Aim of the exercise: Nothing but the lines below from the one containing "Erica arborea 'Estrella Gold'" through the one containing "a potted plant" should appear in the answer, exact and without pictures.

Data to use:
'''

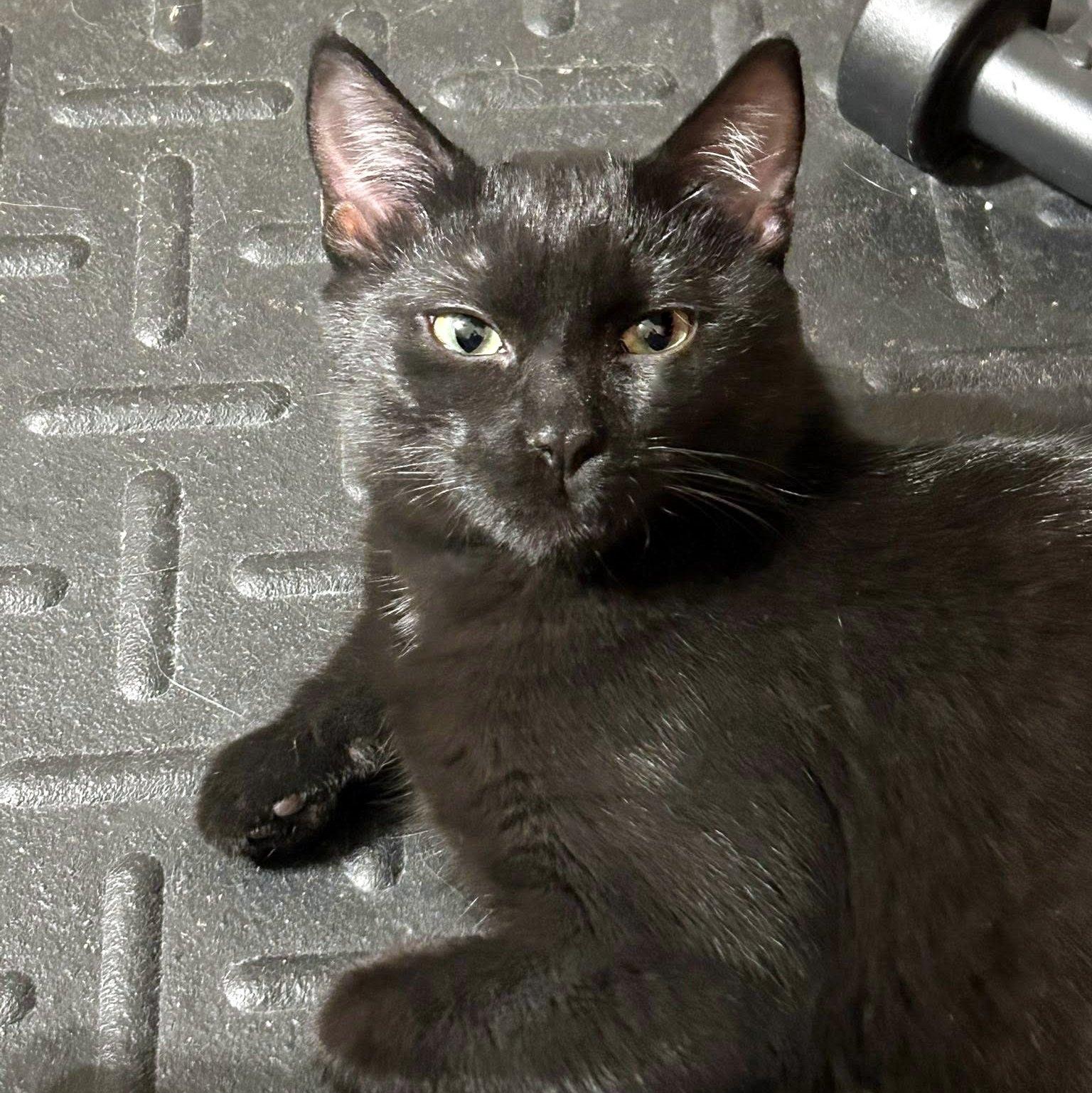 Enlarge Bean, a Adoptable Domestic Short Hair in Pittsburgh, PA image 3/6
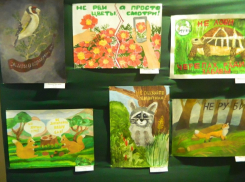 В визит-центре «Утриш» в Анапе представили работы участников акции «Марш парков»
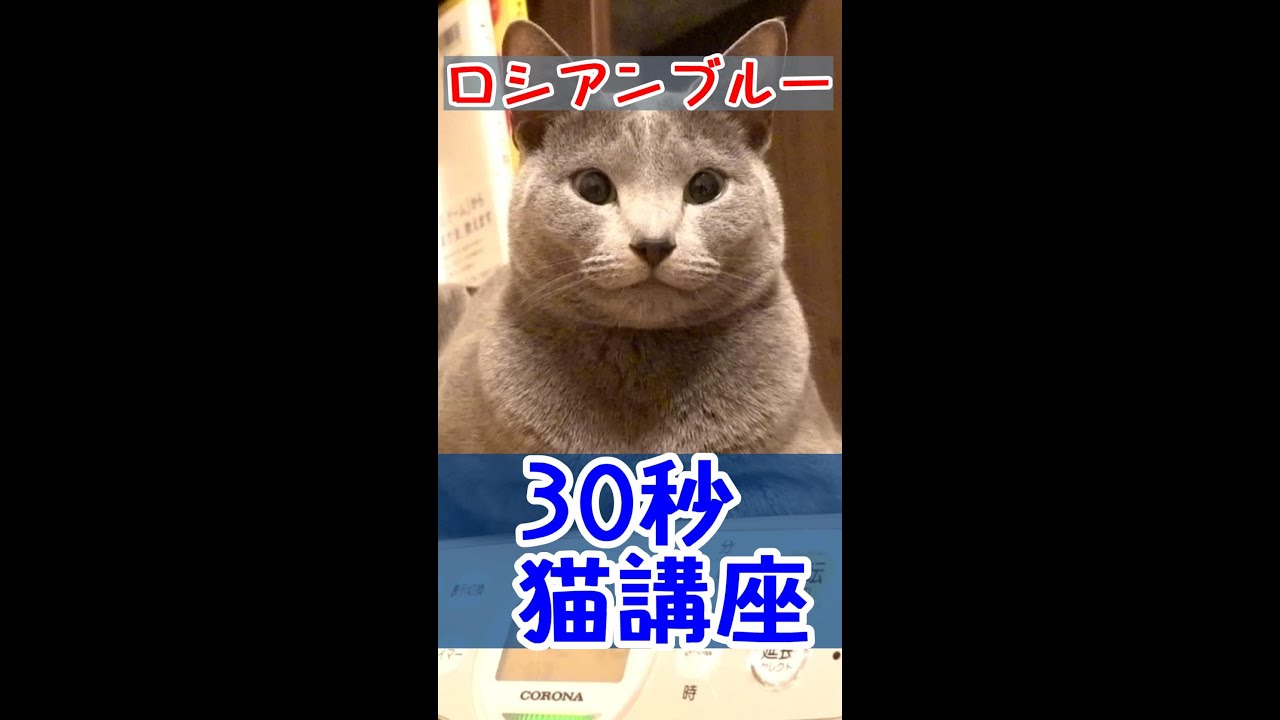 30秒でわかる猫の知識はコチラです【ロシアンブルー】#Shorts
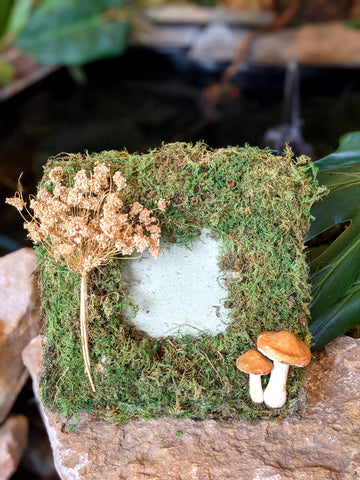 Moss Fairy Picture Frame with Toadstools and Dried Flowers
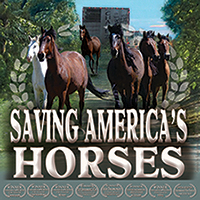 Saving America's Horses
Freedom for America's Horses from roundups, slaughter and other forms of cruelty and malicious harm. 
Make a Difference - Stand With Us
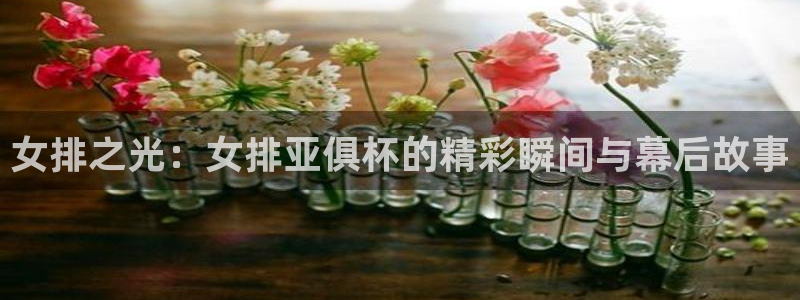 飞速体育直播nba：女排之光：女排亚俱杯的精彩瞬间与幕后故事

'''
'''

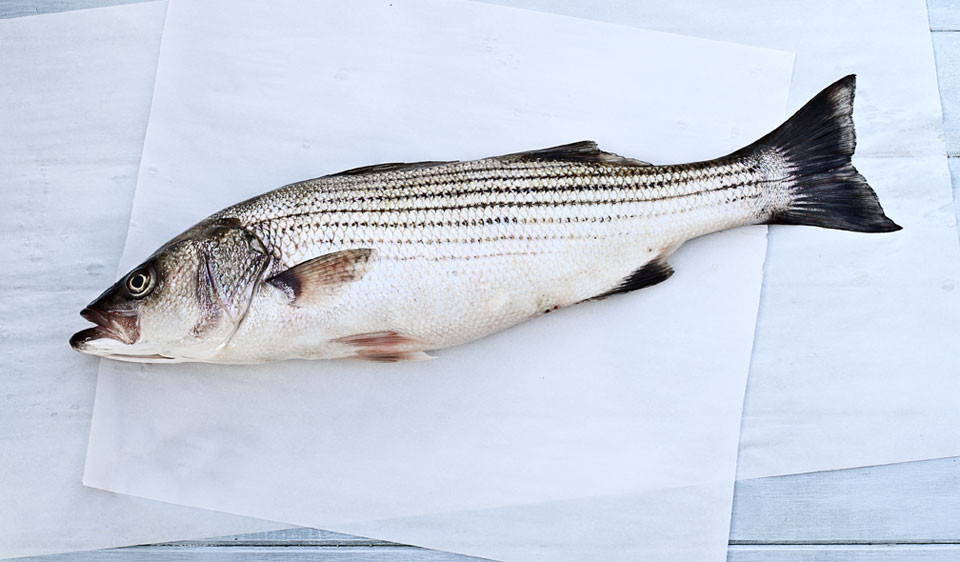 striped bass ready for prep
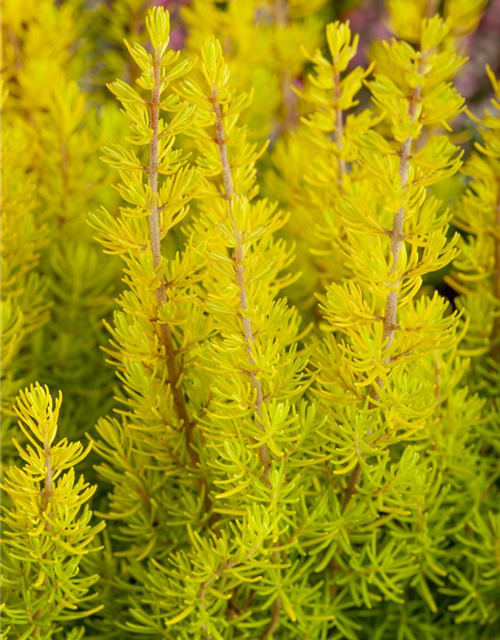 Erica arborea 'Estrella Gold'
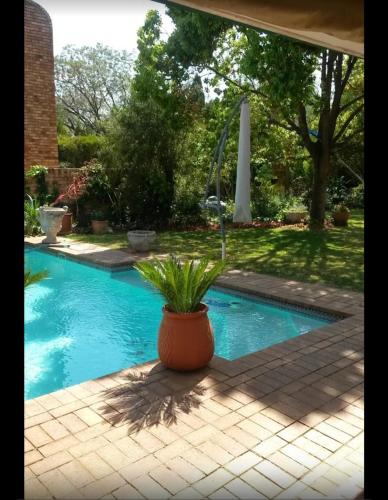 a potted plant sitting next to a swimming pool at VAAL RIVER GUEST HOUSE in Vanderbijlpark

'''
'''

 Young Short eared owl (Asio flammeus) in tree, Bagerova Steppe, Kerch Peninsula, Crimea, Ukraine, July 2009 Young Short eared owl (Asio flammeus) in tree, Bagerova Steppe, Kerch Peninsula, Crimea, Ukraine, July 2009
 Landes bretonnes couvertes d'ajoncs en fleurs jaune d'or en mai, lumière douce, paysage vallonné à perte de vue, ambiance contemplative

'''

Response box:
 Erica arborea 'Estrella Gold'
 a potted plant sitting next to a swimming pool at VAAL RIVER GUEST HOUSE in Vanderbijlpark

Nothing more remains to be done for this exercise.